When the Re/Max World Long Drive Championship first came to Mesquite (elevation 1,600), it was held at the Palms. Across town at the CasaBlanca Golf Club, not far from the casino, there’s a plaque on the first tee marking the point from which Canadian bomber Jason Zuback in 1997 drove the ball 412 yards, clean over the first green on the fly.

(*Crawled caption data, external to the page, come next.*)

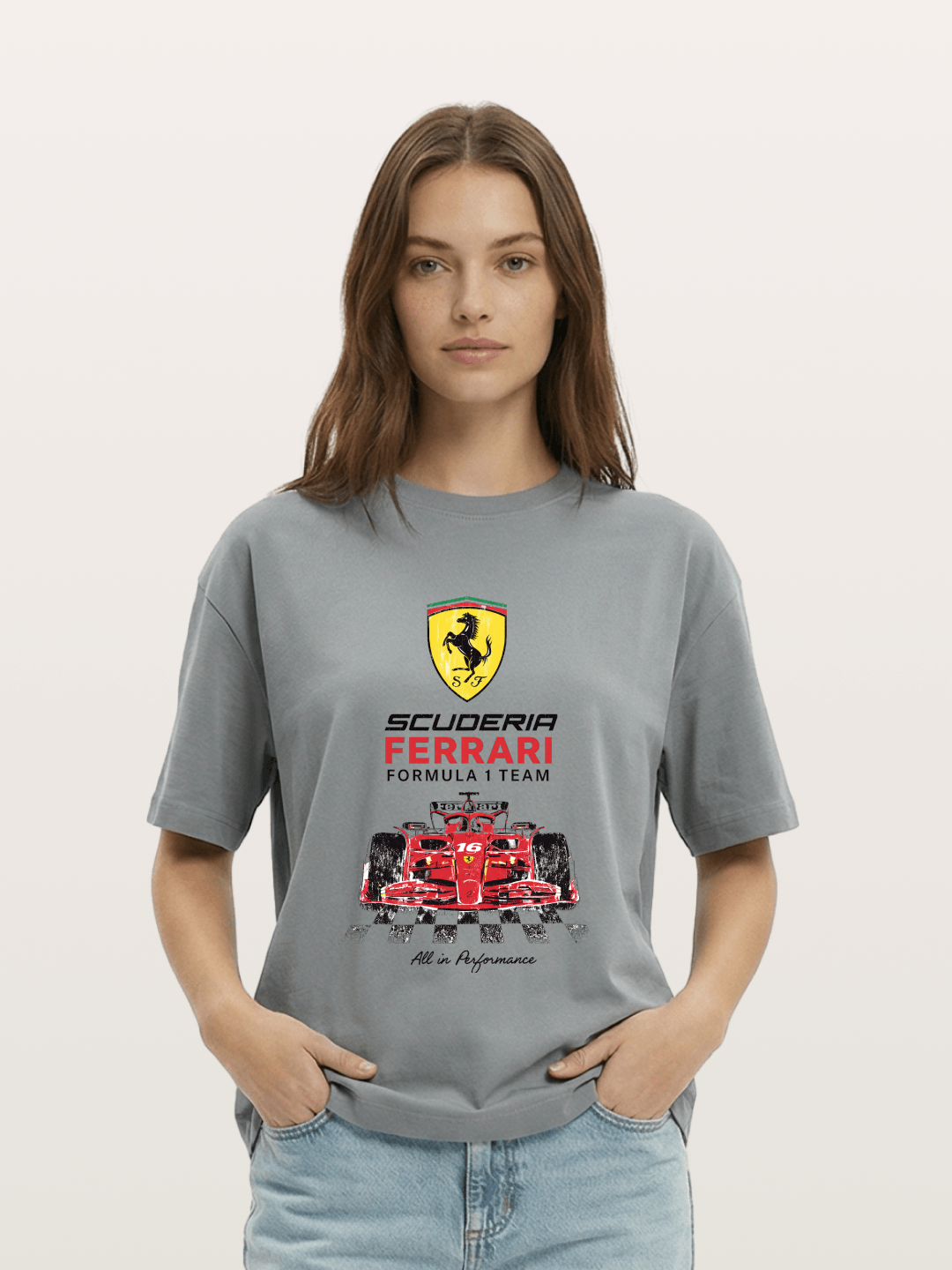 Ferrari F1 Team Racing Poster Gildan T-shirt
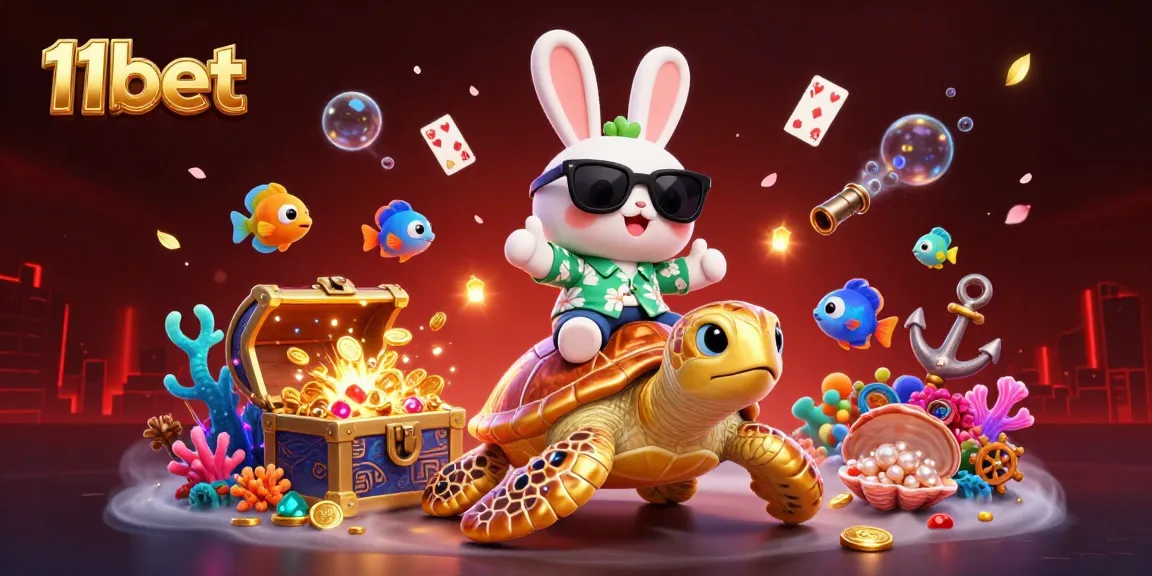 Engage with 11bet's thrilling gaming experience featuring a lucky rabbit and sea turtle in a vibrant underwater scene.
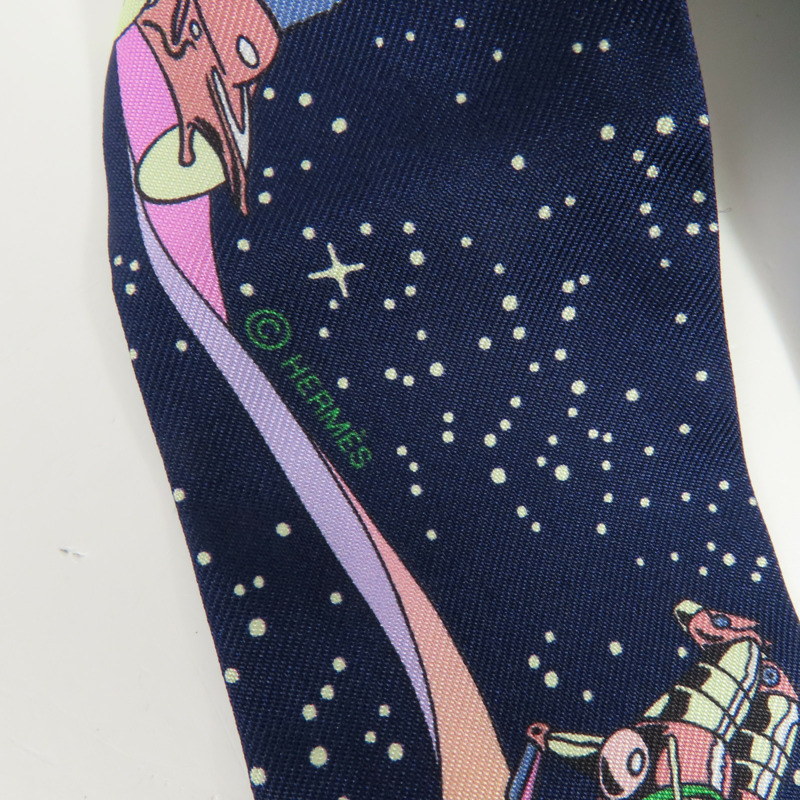 HERMES 絲質Twilly絲巾-5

The town’s commitment to golf was solidified 10 years ago with the formation of Golf Mesquite, which markets the courses and books travel. The independent cooperative represents six courses in town – Wolf Creek no longer participates – and three headliners near town. For those arriving via Las Vegas, Coyote Springs, originally envisioned as the western home of the PGA of America before the housing bust slammed the brakes on that project, is a convenient pit stop on the way to or from Mesquite. Two courses from St. George, Utah, a 45-minute drive up I-15, also participate: Coral Canyon and Sand Hollow, the latter a recent Golfweek cover girl thanks to its photogenic canyon-side setting. Both St. George courses occupy stunning land not far from the Zion National Park and the snow-capped Pine Valley Mountains. If you throw in Wolf Creek, visitors get four of the top 12 Golfweek’s Best public-access courses in Nevada and two of the top three in Utah.

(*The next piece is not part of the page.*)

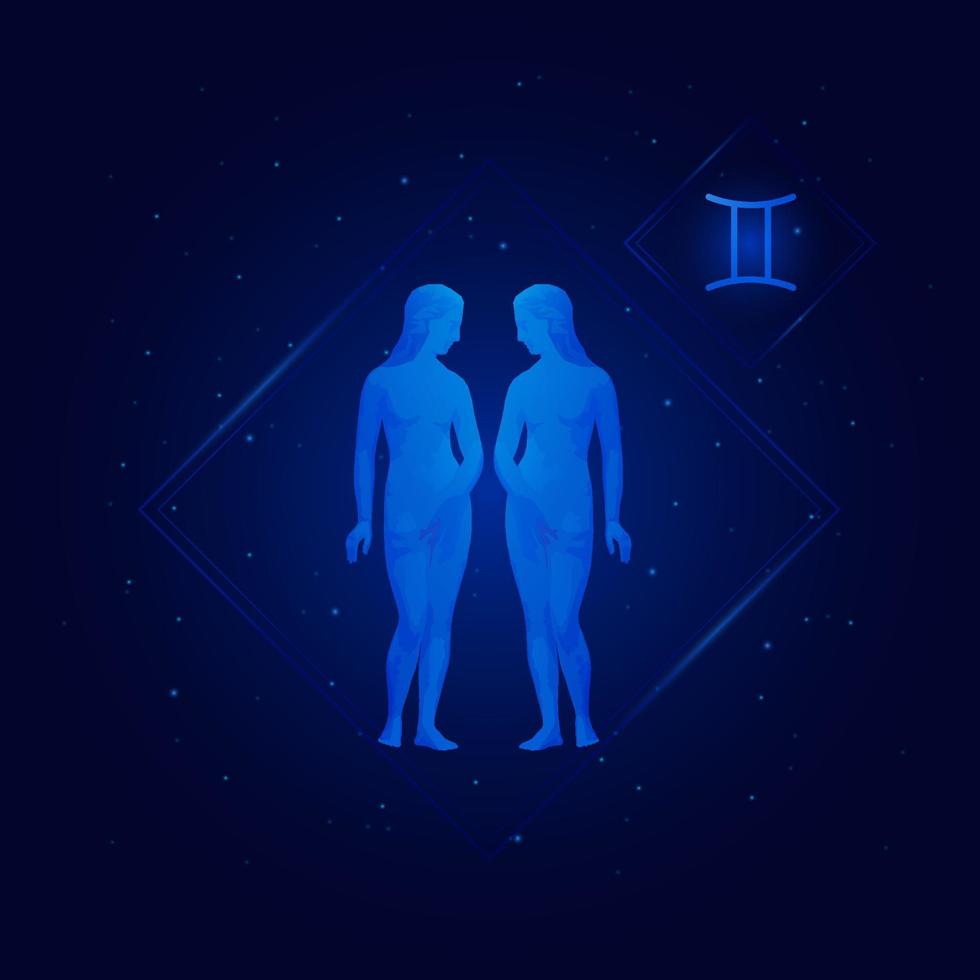 iconos de signo del zodíaco Géminis, Géminis del zodíaco con fondo de estrellas de galaxia, horóscopo astrológico con signos vector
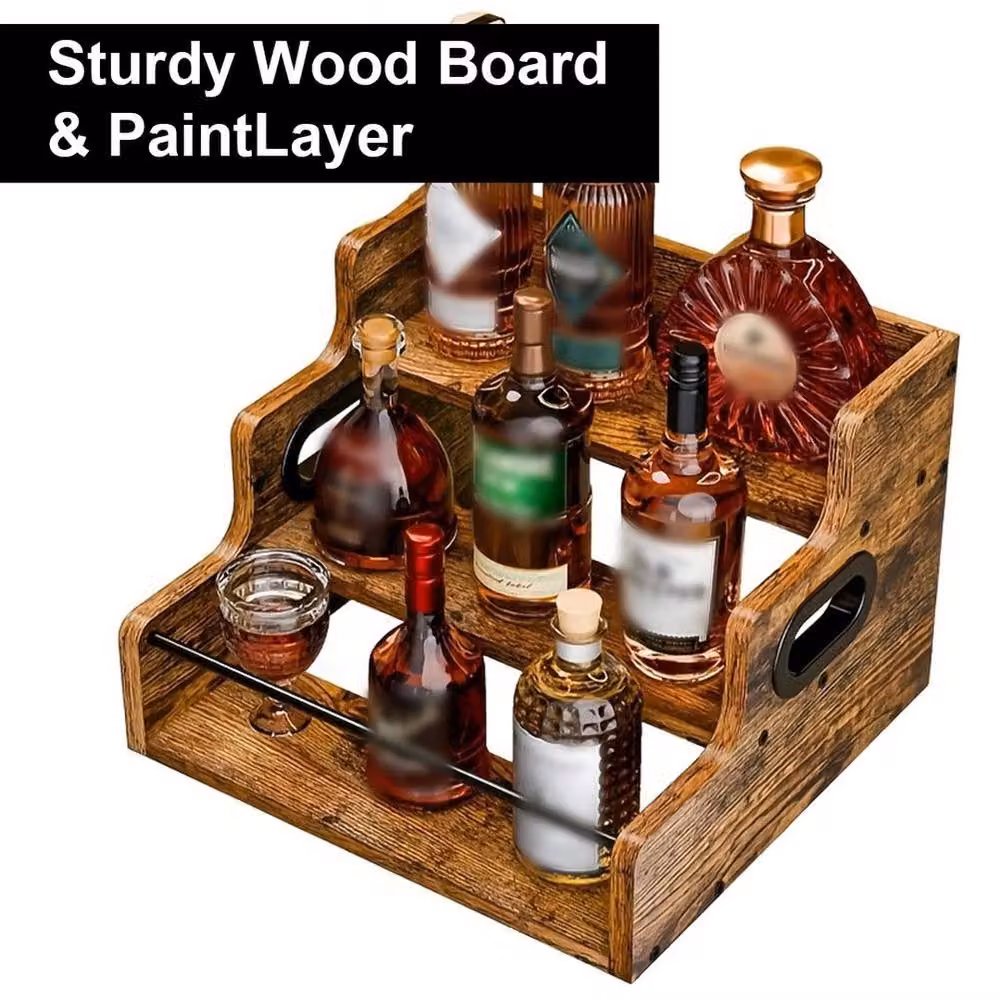 SPETLEK 3-Tier Retro Wood Countertop Liquor Bottle Display Shelf, Brown, W: 100 cm x D: 50 cm x H: 50 cm – 4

A good indicator of the Mesquite clientele can be found in the succession of toe-tapping ’70s songs that compete with the din of chiming one-armed bandits at the Eureka Casino. They’re people such as my two fiftysomething playing partners at Wolf Creek – one from Pittsburgh, the other from near San Francisco – who were part of a 20-man group spending three 36-hole days in Mesquite. They probably drove less than 10 miles during their stay, yet saw different courses each day.
Their itinerary included Conestoga Golf Club, the newest addition to Mesquite’s golf portfolio. It’s open to the public, but part of a Del Webb retirement community – ironic given that it shares some of Wolf Creek’s heart-thumping appeal.
Conestoga’s front side is a rollicking exercise in target golf played, for the most part, through a canyon and across arroyos before opening up to a more conventional desert golf experience on the back. In a perfect world, the nines would be flipped – awkward, perhaps, because No. 10 is a par 3 – with the most memorable holes late in the round.
As we enjoyed Conestoga’s front side, my playing partner noted the geological theory that all of this land was covered by ocean millions of years ago. It certainly seems possible; when you play golf in Mesquite, there are times when the land doesn’t look like anything you’ve ever seen above sea level.